In October 2007, Mexico’s legislative bodies enacted La Ley del Impuesto Empresarial a Tasa Única (“IETU”), a new minimum corporation tax, which will be assessed on companies doing business in Mexico beginning January 1, 2008.  We are currently evaluating the anticipated impact that IETU will have on our business and operating results.  Because of IETU, there can be no assurance that we will be able to utilize the net operating loss carryovers and other deferred tax benefits generated in Mexico.  There can also be no assurance that IETU will not have a material adverse effect on our financial results.

Disruptions in International Markets and Distribution Channels.  Disruptions in international markets and distribution channels could adversely affect our business.

Historically, we have targeted international markets to generate additional demand for our chicken dark meat, specifically leg quarters, which are a natural by-product of our U.S. operations, given our concentration on prepared foods products and the U.S. customers’ general preference for white meat.
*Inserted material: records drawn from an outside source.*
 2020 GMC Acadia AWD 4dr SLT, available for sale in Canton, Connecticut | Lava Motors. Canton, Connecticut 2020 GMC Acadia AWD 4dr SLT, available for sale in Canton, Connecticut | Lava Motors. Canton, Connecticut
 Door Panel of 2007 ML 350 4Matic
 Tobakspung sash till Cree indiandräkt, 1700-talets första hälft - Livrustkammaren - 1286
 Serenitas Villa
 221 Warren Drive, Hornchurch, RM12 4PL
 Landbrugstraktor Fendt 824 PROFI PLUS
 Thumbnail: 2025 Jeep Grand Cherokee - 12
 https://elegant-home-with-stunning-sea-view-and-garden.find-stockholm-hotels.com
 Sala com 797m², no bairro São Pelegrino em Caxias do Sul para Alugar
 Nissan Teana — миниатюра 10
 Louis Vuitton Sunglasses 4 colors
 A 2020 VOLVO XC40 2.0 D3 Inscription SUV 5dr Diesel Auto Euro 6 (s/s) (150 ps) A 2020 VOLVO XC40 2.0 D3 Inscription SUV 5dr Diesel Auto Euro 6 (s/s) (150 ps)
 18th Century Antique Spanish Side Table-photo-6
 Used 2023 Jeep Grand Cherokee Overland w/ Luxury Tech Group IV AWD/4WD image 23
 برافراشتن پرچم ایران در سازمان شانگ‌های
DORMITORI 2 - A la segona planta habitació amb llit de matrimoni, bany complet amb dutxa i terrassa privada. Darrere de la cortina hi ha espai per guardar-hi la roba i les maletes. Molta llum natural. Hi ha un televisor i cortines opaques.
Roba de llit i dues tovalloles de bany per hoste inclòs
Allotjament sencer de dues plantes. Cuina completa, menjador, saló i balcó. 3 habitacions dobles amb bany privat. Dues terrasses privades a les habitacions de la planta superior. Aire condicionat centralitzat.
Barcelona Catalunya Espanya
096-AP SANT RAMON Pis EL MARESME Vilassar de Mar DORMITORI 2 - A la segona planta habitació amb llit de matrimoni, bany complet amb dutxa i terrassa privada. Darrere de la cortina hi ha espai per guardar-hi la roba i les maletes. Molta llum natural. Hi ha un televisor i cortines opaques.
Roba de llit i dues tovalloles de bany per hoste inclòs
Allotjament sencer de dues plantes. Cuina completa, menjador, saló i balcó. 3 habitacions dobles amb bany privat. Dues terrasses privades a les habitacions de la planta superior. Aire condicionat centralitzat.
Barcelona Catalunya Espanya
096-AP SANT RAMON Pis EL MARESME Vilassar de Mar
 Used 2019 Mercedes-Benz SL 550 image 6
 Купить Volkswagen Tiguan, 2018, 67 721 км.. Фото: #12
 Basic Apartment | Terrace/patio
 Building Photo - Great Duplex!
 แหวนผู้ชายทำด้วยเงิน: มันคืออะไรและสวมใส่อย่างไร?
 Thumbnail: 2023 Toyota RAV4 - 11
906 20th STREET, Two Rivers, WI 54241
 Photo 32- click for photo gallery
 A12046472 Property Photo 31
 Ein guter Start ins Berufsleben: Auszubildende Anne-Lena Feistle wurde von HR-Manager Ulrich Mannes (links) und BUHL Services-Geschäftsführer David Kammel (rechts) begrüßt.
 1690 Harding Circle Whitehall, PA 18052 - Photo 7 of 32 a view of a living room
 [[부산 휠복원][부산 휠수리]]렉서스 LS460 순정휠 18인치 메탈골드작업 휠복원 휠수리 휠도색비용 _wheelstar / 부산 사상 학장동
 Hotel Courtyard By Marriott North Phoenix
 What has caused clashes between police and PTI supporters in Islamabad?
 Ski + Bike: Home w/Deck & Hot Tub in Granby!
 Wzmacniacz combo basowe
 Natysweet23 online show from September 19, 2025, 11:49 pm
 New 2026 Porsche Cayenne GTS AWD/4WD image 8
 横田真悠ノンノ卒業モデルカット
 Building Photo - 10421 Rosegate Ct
As part of this initiative, we have created a significant international distribution network into several markets, including Eastern Europe, including Russia; the Far East, including China; and Mexico.  Our success in these markets could be, and in recent periods has been, adversely affected by disruptions in poultry export markets.  These disruptions are often caused by restrictions on imports of U.S.-produced poultry products imposed by foreign governments for a variety of reasons, including the protection of their domestic poultry producers and allegations of consumer health issues, and may also be caused by outbreaks of disease such as avian influenza, either in our own flocks or elsewhere in the world, and resulting changes in consumer preferences. There can be no assurance that one or more of these or other disruptions in our international markets and distribution channels will not adversely affect our business.

Extreme Weather and Natural Disasters.  Extreme weather or natural disasters could negatively impact our business.

Extreme weather or natural disasters, including droughts, floods, excessive cold or heat, hurricanes or other storms, could impair the health or growth of our flocks or interfere with our operations due to power outages, fuel shortages, damage to our production and processing facilities or disruption of transportation channels, among other things. Any of these factors could have an adverse effect on our financial results.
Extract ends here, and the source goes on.